Gritava um marujo que averiguava o navio, perturbando a silenciosa noite que era banhada pela luz da lua e toda a sua graciosidade. E o marujo continuara a gritar: “Há um naufrago no mar”. Seus gritos de socorro pareciam adentrar a calada da noite e fazer parte dela, assim não fazendo nenhuma diferença. Seus companheiros nem se moveram, seu barulho se tornara inaudível.
O marujo havia avistado um homem dentro de um bote, aparentava ter vestes surradas. Logo o marujo associou que ele estava há muito tempo no mar. Seu desespero foi de imediato, tentou algum tipo de comunicação com o naufrago e todas as suas tentativas foram falhas.
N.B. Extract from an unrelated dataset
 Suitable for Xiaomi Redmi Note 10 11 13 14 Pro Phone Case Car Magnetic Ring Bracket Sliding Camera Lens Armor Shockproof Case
Nenhum barulho, nenhuma resposta, nem mesmo uma olhada. O naufrago permanecia o mesmo desde a sua aparição, de olhos fixos, mais precisamente voltados para o espaço.
O marujo percebeu então que o naufrago não clamava por socorro, não parecia incomodado, ele apenas fitava a imensidão do céu, as estrelas e a lua com um olhar incógnito, misterioso. O marujo se calou por alguns instantes pousando seu olhar no naufrago, o analisou de cima a baixo e ficou esperando qualquer tipo de reação. Alguns minutos se passaram, e apesar do cansado o marujo ainda queria decifrá-lo, havia algo muito estranho naquele homem, e ele tinha que descobrir. O marujo sempre fora um homem muito “incucado” com as coisas, sempre querendo achar razões e explicações, e não havia ninguém que o convencesse do contrario.
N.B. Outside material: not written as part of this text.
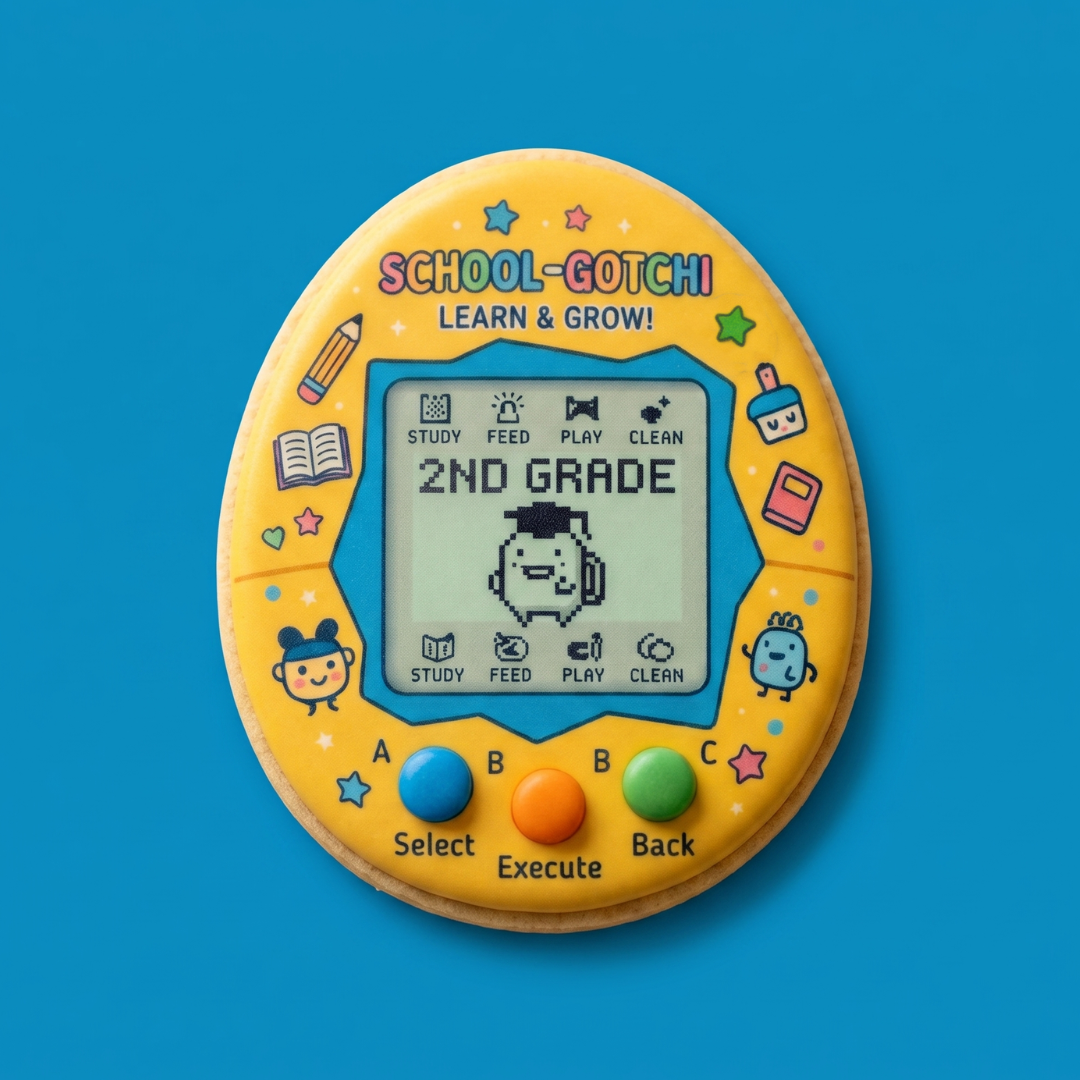 School Tamagotchi Custom Cookie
As horas haviam passado, e a sua visão estava cansada, seu corpo pedia um leito confortável para dormir, mais sua mente o forçava a continuar ali. O marujo estava decidido a abandonar seu posto, achou que fosse algum devaneio que sua mente o aprontara. Compôs-se, esticou os ossos e deu um pequeno adeus para o naufrago, virando-lhes as costas, ele ouve um longo assovio, quase cantarolando a musica que havia o deixado louco todo o dia, repetindo-se incansavelmente em sua mente. Voltou a olhar o mar a procura do Naufrago, até avistá-lo mais ao longe, em cima do bote acenando para ele. Ficou estagnado, sua visão agora começara a embaçar, até não poder ver nada a sua frente.
O naufrago havia dormido, sonhara mais uma vez com sua ultima viagem, voltando sempre para o mesmo lugar.